In this moment of transition, there is probably no greater transitional figure than Joe Biden. He is a creature of the late 20th Century, a child of “third way” politics that Democrats depended on to win elections when Republicans held the natural majority, and a generational Rorschach test. Where older voters find him comforting and relatable, younger voters are more likely to find him unexciting and cringeworthy. Where older voters find his ideas non-threatening, younger voters are more likely to dismiss him as out of touch with the urgency of the times. This divide is not about age as much as it is about Biden’s politics and sensibilities. Bernie Sanders and Elizabeth Warren reliably register as the preferred candidates of Millennials and Generation Z. Young people do not have a problem voting for older candidates. They just prefer septuagenarians who call for revolution or big structural change, who speak boldly to concerns like climate change and social justice that many younger voters feel cannot wait.

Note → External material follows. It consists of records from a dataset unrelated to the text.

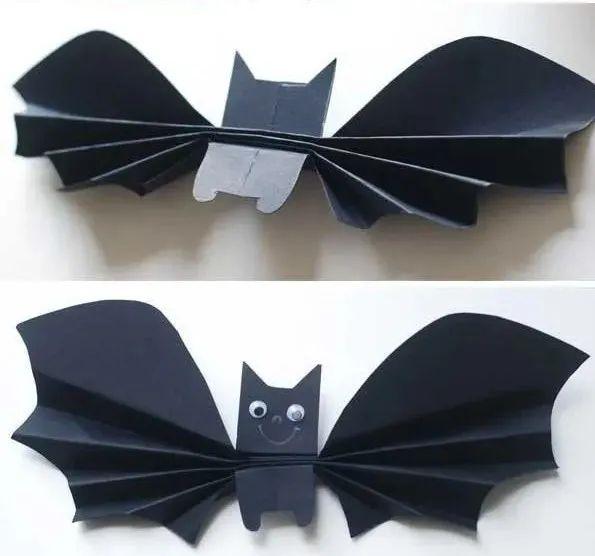 双语带娃！低幼宝宝们的万圣夜还可以这样过？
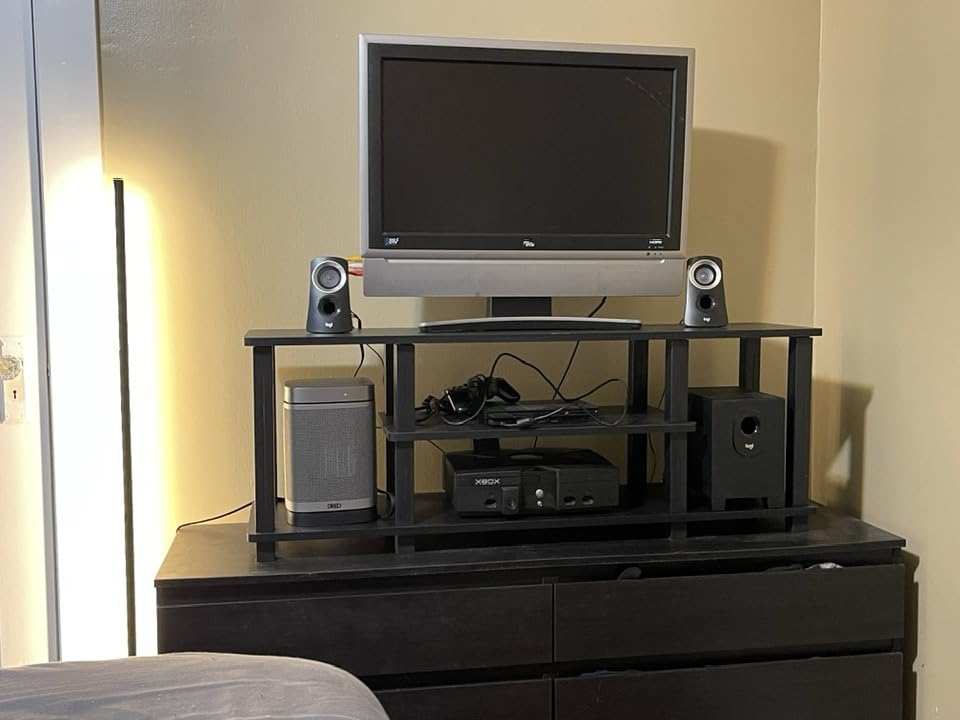  Best Space Heaters for Energy Efficiency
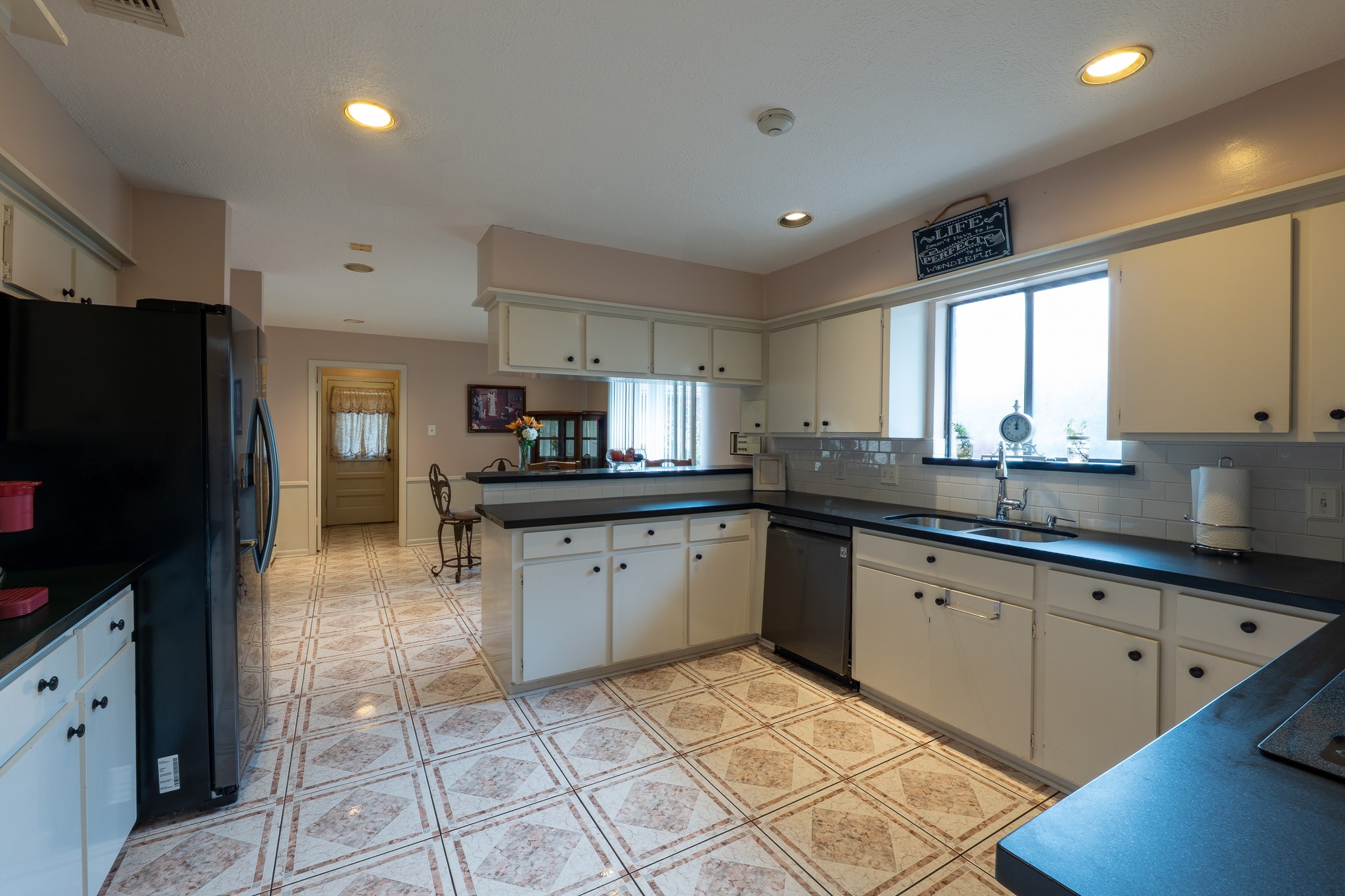 7926 Quail Meadow Drive Property Photo 15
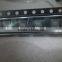 (Electronic component) SC802AIMLTRT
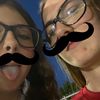 corrayy2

For his part, Biden seems to be aware of his transitional status. He demurred when asked at the last debate if he planned to serve two terms, and in the early days of his campaign he made a public display of courting Stacey Abrams, the former minority leader of the Georgia General Assembly who came within 50,000 votes of becoming Georgia governor in a 2018 election marked by rampant voter suppression. One way to bridge the gap between past and future is to put both on the ticket and have the guy at the top offer himself as an interim figure who will tread gently on a traumatized country while demography moves it further to the left, then pass the baton in four years. But Democrats are not united behind this direction. I’ve heard Democrats advocate for pairing Biden with an establishment Midwesterner to go all-in for Wisconsin on the assumption that while the ticket won’t excite progressive voters, the prospect of four more years of Trump will drive them to the polls to vote for the Democrat. Then there are Democrats who prefer to nominate Sanders or Warren and energize the base in an effort to boost turnout among the emerging electorate on the assumption that while the ticket may not have natural appeal to Rust Belt voters, the prospect of four more years of Trump will drive them to the polls to vote for the Democrat.

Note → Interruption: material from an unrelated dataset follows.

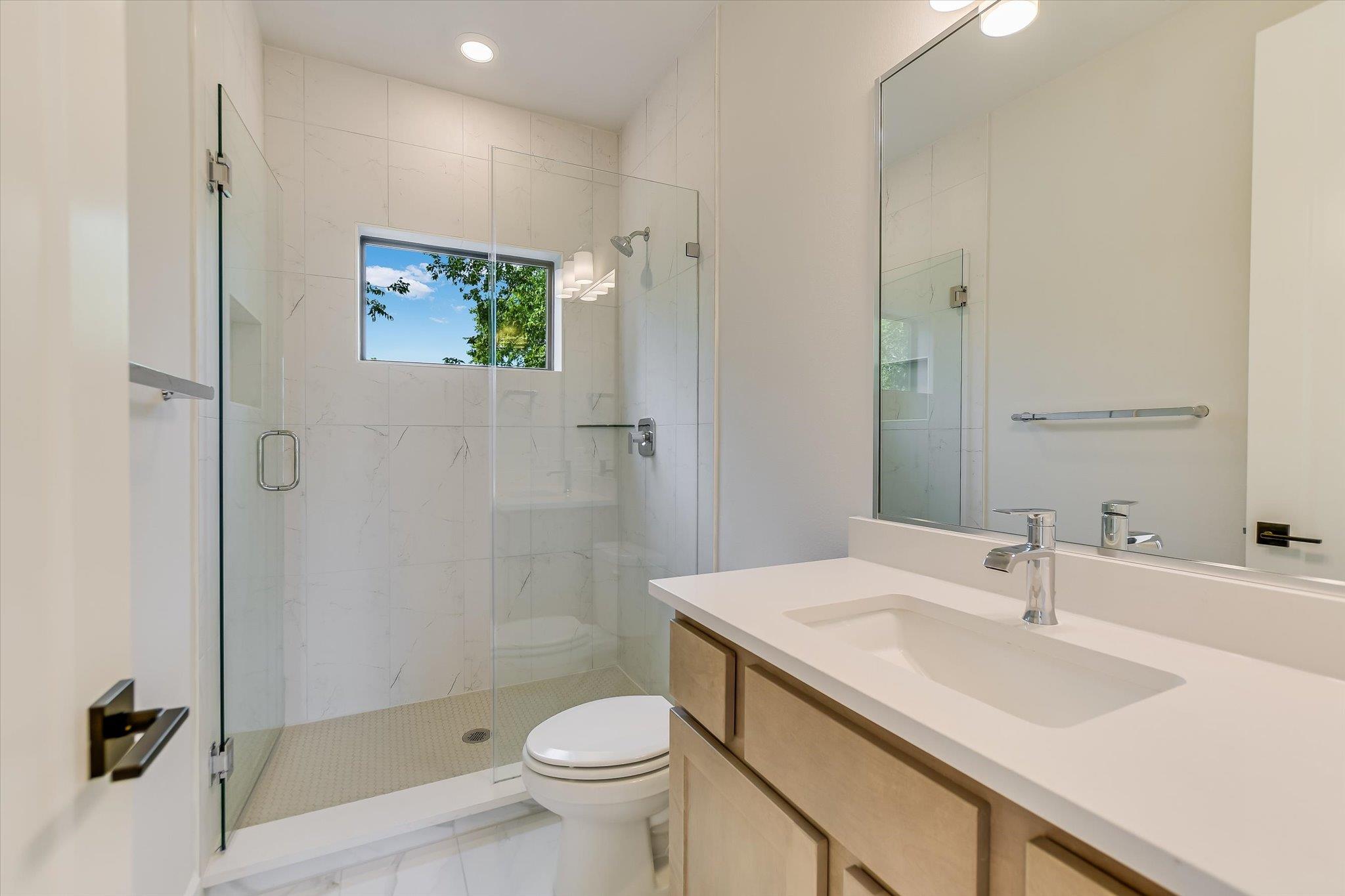 114 Lightsey RD # 2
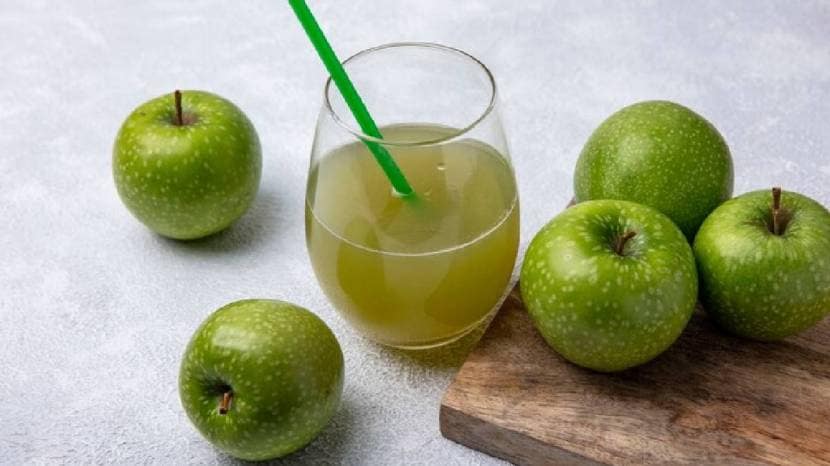 Amla kadha benefits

I do not believe that any of these are optimal ways to approach the situation. In an election that will hinge on turnout, it is risky to count on people showing up to vote against a candidate, even if they harbor strongly negative feelings about him. The wiser move for Democrats would be to start thinking about this transitional moment in inclusive terms. While it is foolish to think that any candidate can appeal across the chasm to the significant minority that wants to prevent the emerging electorate from holding power, a message that can unite the groups that Democrats need to win in November would address the shared suffering derived from decades of Reagan-era politics incurred by all ages and races, in metro areas and on farms, in the Rust Belt and the Sun Belt. It would look to the future, even if that future is slow to emerge, to build a coalition broad enough to win the election now and claim the mandate necessary to take meaningful action afterwards.
New political eras bring with them new ways of speaking about and doing politics. Uncertainty will beget fear, but it can also provide the opportunity to shape the transition — if we are not too afraid to embrace it.